Эльга мотнула головой.
– Я не могу. Я… он безумен.
Рыцек поднялся и посмотрел на Эльгу сверху вниз.
– А я?
– И ты.
Усмешка, так похожая на усмешку мастера смерти, искривила рот Рыцека.
– А ты – дура! – Он пнул тюфяк. – Здесь все или дохнут, или любят, поняла? Другого выхода нет!
– Я ему нужна, – сказала Эльга.
– А потом?
– А потом она умрет, – раздалось из-за колонны.
Хихикая, Скаринар вышел к возвышению. Волосы его так и остались приглажены с одной стороны и растрепаны, взбиты – с другой. Горжет с перевязью исчез, вместо него плечи Скаринара украшала малиновая накидка с прорезями для рук и стоячим воротником.
– Повелитель Скари, – склонился перед ним Рыцек.
– Я думал, что ты выпрыгнул в окно.
– Я вернулся.
Мастер смерти хмыкнул.
– Можешь выпрыгнуть еще раз. Нет, лучше выйди в двери и займись чем-нибудь. На площади перед дворцом строят помост, с которого я буду казнить мятежников. Посмотри, так ли уж он хорош.
– Слушаюсь.
Рыцек направился к дверям. Скаринар с усмешкой следил, как он идет между колоннами.
– Хороший парнишка, – сказал он Эльге, когда тот исчез, – но, боюсь, я буду вынужден его убить.
– Почему? – спросила Эльга, поднимаясь.
– Потому что я – мастер смерти и это моя сущность. – Скаринар почесал подбородок. – К тому же он стал навязчив. Знаешь, – обернулся он, – я не переношу восторженного проявления чувств. Ладно, об этом позже, если тебе будет интересно. Портрет Тоггендоля мне понравился, да, строго, ничего лишнего, скупой рисунок, но я его чувствую, и ты, по крайней мере, сделала его не хуже Униссы.
Он оглядел панно.
– Здесь много работы. Сегодня к тебе прибудет еще один человек, новый титор Фалабада. Его поместишь ниже.
– Хорошо.
Скаринар с интересом посмотрел на девушку.
– Уже согласна?
– Иначе вы же убьете кого-нибудь, – сказала Эльга.
Мастер смерти рассмеялся.
– Ты думаешь, это зависит от тебя?
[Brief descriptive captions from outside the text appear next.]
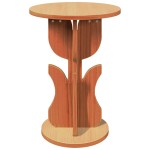 vidaXL Masă laterală Maro ceruit 39.5 x 39.5 x 53.5 cm vidaXL Masă laterală Maro ceruit 39.5 x 39.5 x 53.5 cm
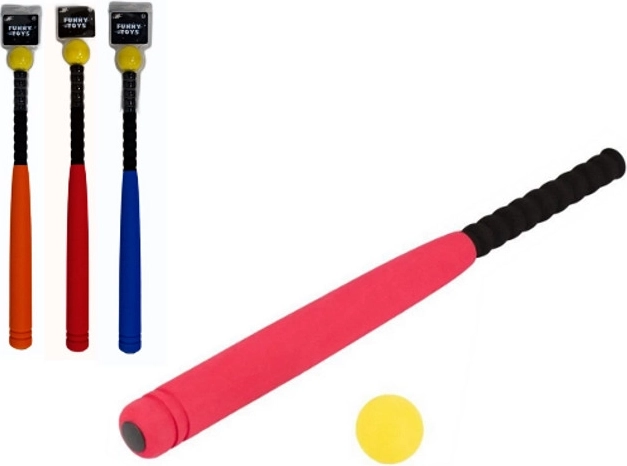 Batte de baseball en mousse avec balle - 1 pièce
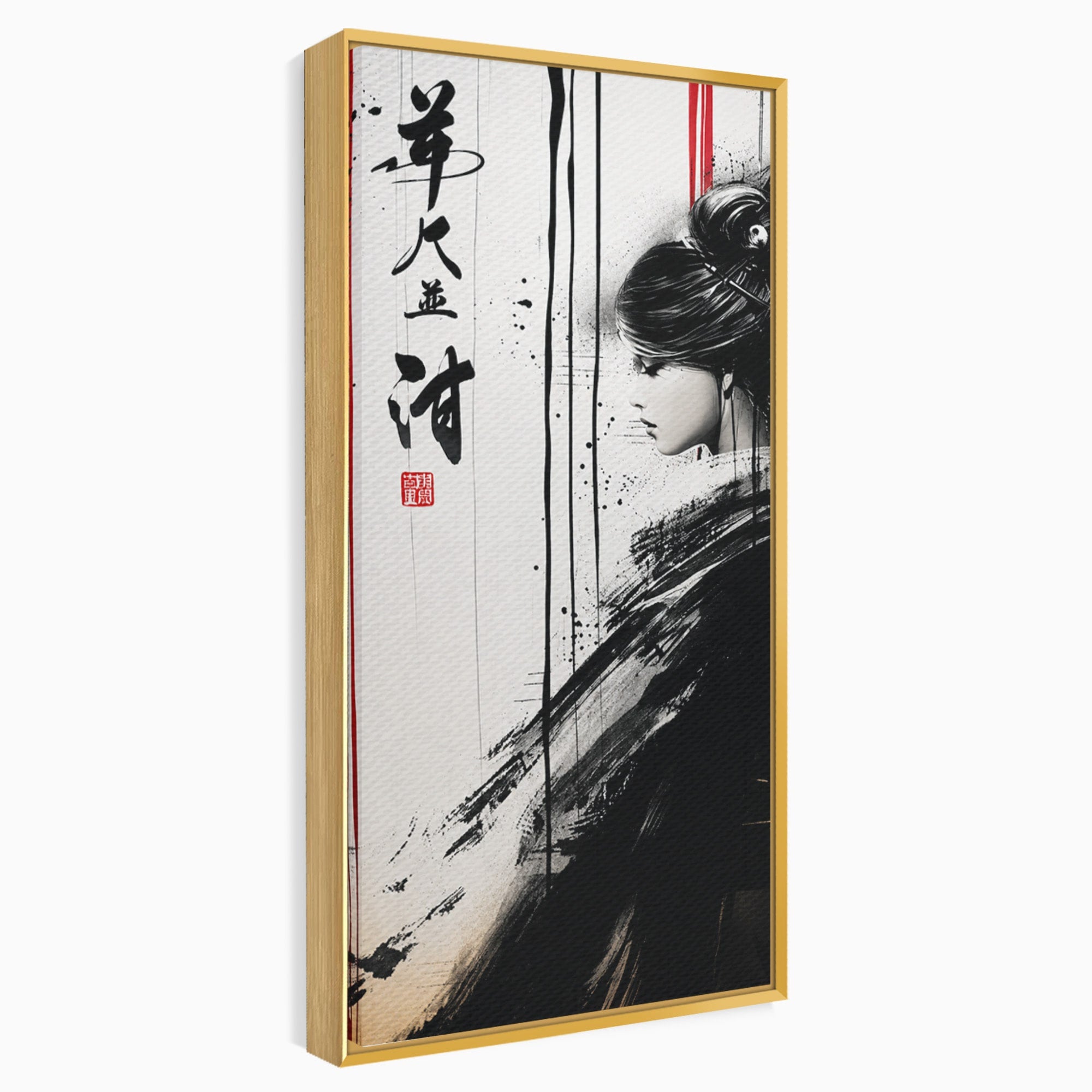 Tablou Canvas Premium LuxCanva® G1296, Portret Femeie Zen, Femeie, Zen, Portret, Arta Abstracta, Birou, Culori Vibrante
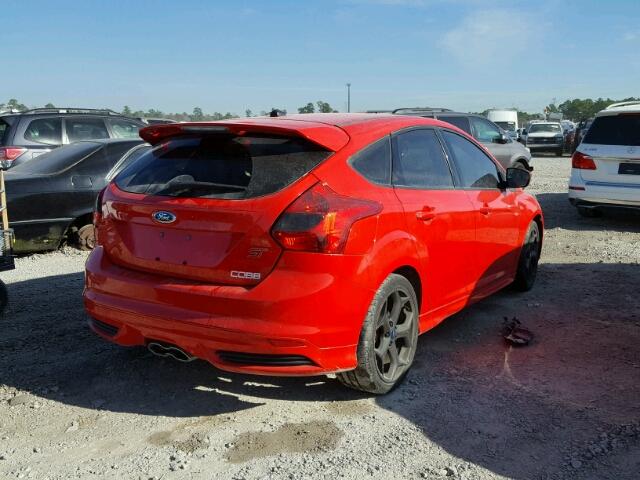 1FADP3L94EL430165 - 2014 FORD FOCUS ST RED photo 4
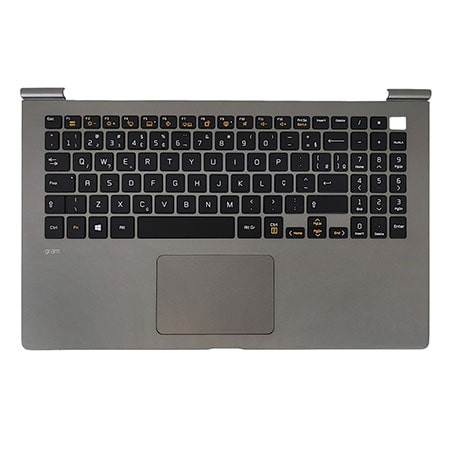 Gabinete com teclado e mouse touchpad Notebook LG 15Z980-G - AFP75645302 - AFP75645302 | LG BR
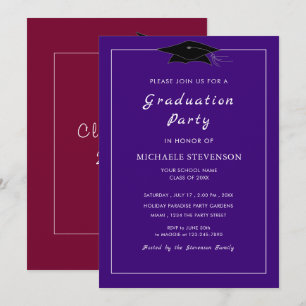 Modèle de l'invitation à la graduation personnalis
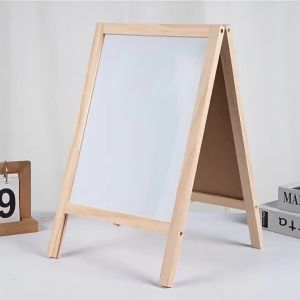 1 Bảng Đen Gấp Hai Mặt - Bảng Phấn Dạy Học Có Thể Xóa Được Với Khung Gỗ Bảng Trắng Xóa Khô Và Bề Mặt Từ Tính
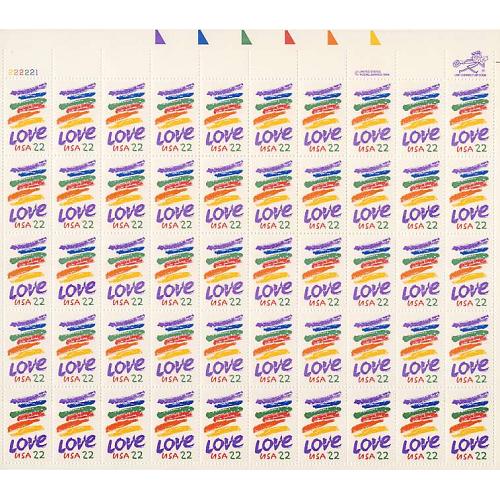 #2143 Love, Sheet of 50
Нет, конечно, я не буду убивать, чтобы заставить тебя работать, если ты и так работаешь. Но большего я не обещал.
– Но…
– Просто умрет меньше людей. Согласись, это немало в твоем положении. Почти победа.
Эльга выдохнула.
– А можно не убивать?
Скаринар повернул к ней лицо. Усмешка потянула вбок губы, морща беленую щеку.
– Как ты себе это представляешь? Такой вопрос мог задать только очень глупый человек. Ты могла бы не трогать листья?
– Наверное, – сказала Эльга.
– Вранье! – Скаринар показал на мешки с листьями. – Ты не прожила бы без них и дня. Это твое, это ты сама. Ты – в каждом, самом маленьком листике, в травинке, в цветочке, и, уверен, ты это знаешь. А я – в каждой смерти.
Он зашагал по возвышению. Ладонь его вспархивала над креслом, над столиком на резных ножках, над вазой с южными фруктами, над стулом, над сдвинутым к стене сундуком с ворохом одежды на крышке. Пальцы легко, почти незаметно касались каждого предмета, и с ними тут же происходили неприятные метаморфозы. Фрукты морщились и желтели, у кресла потемнела, местами лопнула и распушилась обивка подлокотников, скособочился столик, длинными трещинами покрылась ваза, просела и упала спинка стула.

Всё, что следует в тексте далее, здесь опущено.